Event Description
In recent years, sound studies and auditory history have emerged as dynamic, interdisciplinary fields that challenge us to reconsider how sound and listening have shaped human experience across cultures and time. Moving beyond traditional reliance on the visual and textual, scholars have increasingly foregrounded the role of sonic environments, listening practices, and the subjectivity of auditory perception in the construction of knowledge, identity, space, and memory. At the same time, methodological innovation and a growing commitment to global and inclusive perspectives have expanded the field’s scope—inviting us to listen to the past with renewed critical sensitivity, to listen with the historical ear (Rosenfeld 2011).

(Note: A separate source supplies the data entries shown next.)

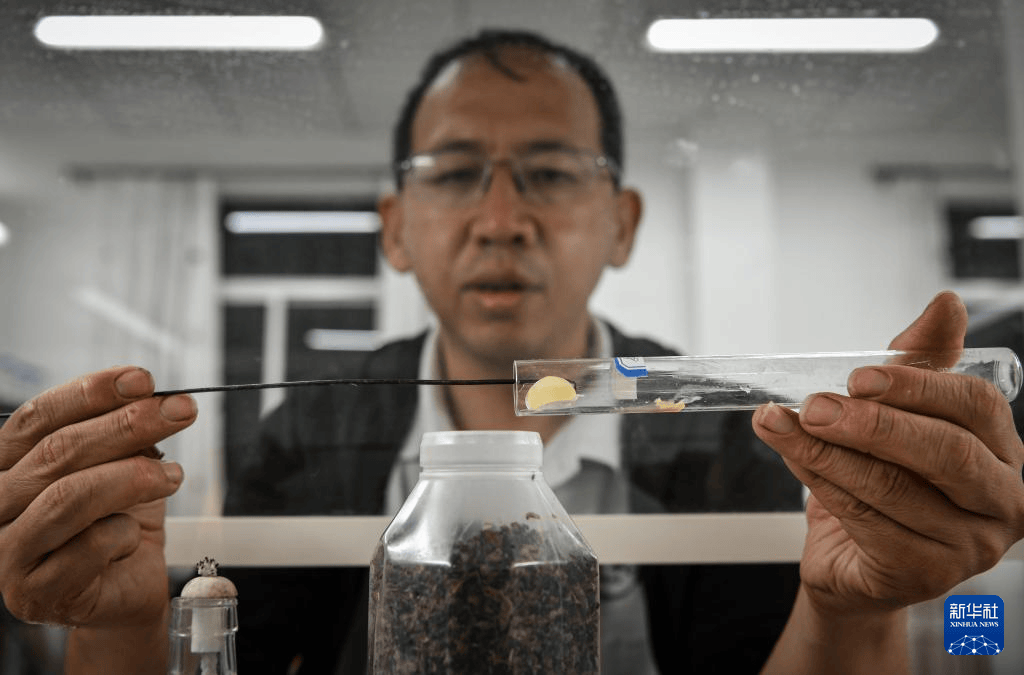 中国人的故事：中国援卢旺达农业技术示范中心的中国专家
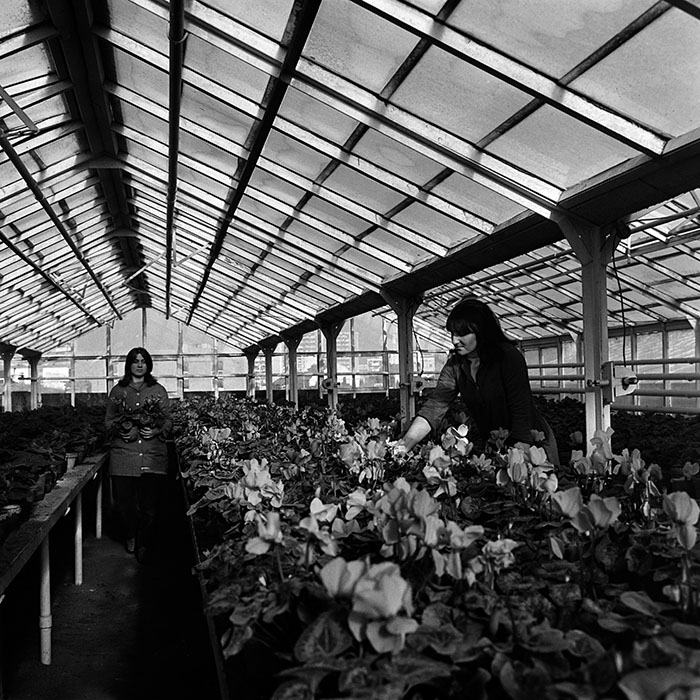 minerva_1967-1973_c3r23_004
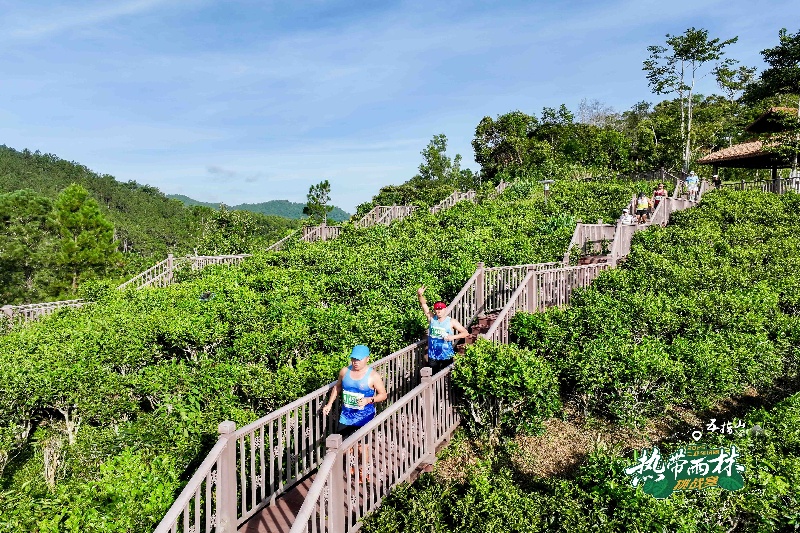 1779869207161035.jpg dji_fly_20250713_080826_0116_1752367385749_photo(1)-opq4590235376 (1).jpg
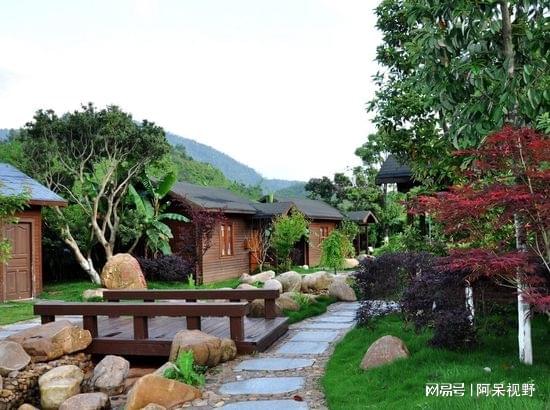 福建十大适合休闲养生的地方2026年本年度热度口碑双榜对比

The inaugural conference of the International Musicological Society Study Group Auditory History seeks to contribute to this momentum by asking how can we access and interpret auditory experiences in varied historical contexts? Additionally, do we treat them as direct remnants of sonic experiences or as traces of “auditory imagination” (Eliot 1933, Schmicking 2019). Building on foundational work (Schäfer 1977, Truax 1984; 2001) and more recent contributions (Rice 2015, Mansell 2021), the conference is particularly interested in the hearing-listening dichotomy and the diversity of listening practices—including those shaped by marginalised voices, non-elite actors, and sources that are difficult to grasp. While auditory history remains interdisciplinary by nature, we also ask how might we more critically engage with theories emerging from sensory studies? How can multisensorial thinking more meaningfully inform our approaches to sound history? At the same time, we welcome diverse disciplinary perspectives and methodological approaches that offer new insights into how people have made sense of their sonic worlds in the past.